━━━━━ Provided data ━━━━━
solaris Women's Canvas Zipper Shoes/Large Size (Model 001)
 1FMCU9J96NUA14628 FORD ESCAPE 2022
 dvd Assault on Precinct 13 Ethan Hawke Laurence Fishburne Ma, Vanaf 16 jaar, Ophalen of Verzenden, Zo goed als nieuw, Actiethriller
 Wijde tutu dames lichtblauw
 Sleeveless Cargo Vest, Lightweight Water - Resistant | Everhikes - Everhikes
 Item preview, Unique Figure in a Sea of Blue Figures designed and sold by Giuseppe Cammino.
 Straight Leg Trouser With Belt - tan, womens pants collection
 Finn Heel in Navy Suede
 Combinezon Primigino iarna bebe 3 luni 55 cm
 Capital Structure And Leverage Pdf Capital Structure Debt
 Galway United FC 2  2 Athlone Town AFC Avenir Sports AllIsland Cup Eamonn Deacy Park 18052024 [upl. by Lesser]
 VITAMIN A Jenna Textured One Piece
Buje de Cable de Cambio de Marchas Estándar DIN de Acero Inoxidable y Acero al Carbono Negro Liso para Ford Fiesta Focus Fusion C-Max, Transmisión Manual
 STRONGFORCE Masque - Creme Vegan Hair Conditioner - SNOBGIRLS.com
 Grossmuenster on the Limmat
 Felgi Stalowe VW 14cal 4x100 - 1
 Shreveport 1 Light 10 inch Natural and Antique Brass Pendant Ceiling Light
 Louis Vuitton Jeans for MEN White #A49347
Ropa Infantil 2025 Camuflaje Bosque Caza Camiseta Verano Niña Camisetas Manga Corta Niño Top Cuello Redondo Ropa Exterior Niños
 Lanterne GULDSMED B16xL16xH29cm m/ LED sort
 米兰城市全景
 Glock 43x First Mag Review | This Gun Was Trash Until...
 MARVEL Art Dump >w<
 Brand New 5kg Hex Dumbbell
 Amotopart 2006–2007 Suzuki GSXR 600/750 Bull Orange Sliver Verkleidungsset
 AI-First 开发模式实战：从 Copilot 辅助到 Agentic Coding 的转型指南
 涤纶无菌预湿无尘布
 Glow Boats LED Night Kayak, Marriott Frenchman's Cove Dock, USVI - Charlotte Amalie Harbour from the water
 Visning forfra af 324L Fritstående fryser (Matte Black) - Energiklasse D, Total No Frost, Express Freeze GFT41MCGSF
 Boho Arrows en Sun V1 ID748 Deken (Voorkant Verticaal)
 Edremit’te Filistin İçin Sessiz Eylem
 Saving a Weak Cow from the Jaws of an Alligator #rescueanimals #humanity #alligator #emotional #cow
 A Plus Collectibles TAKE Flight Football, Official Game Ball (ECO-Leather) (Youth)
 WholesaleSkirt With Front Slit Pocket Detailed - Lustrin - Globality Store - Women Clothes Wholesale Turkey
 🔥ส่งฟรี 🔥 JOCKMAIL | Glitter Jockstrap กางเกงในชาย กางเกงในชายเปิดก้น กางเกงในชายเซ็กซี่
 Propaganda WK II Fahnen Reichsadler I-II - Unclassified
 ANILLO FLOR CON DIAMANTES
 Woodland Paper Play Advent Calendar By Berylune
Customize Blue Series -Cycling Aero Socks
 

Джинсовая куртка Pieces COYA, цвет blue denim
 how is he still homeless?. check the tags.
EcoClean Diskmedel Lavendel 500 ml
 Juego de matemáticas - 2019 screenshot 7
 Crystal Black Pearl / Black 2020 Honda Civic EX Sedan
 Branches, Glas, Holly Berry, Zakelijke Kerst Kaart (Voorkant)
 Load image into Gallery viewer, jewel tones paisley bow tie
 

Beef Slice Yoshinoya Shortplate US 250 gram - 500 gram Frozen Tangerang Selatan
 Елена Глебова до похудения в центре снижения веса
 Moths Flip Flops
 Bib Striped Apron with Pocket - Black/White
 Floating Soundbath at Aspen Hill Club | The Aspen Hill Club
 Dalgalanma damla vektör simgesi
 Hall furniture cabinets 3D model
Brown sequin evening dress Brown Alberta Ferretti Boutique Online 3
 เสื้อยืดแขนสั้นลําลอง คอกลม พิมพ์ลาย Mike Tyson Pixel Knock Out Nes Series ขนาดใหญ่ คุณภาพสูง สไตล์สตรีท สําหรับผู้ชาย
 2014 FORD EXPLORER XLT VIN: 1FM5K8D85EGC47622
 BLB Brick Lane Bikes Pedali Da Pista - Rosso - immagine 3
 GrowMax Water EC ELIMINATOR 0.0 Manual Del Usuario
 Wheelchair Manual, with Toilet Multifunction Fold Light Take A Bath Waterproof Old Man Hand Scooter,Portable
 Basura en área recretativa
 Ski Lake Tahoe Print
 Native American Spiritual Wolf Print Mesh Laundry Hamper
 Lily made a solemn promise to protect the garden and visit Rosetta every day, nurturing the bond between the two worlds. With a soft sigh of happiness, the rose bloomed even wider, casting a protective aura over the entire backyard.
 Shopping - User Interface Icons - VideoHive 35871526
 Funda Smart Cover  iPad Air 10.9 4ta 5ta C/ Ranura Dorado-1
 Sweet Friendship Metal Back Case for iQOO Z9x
━━━━━
• _What the task asks_: Within the entries above, find every line where the string "Print" occurs, and copy it.

• _Worked solution_:
 Ski Lake Tahoe Print
 Native American Spiritual Wolf Print Mesh Laundry Hamper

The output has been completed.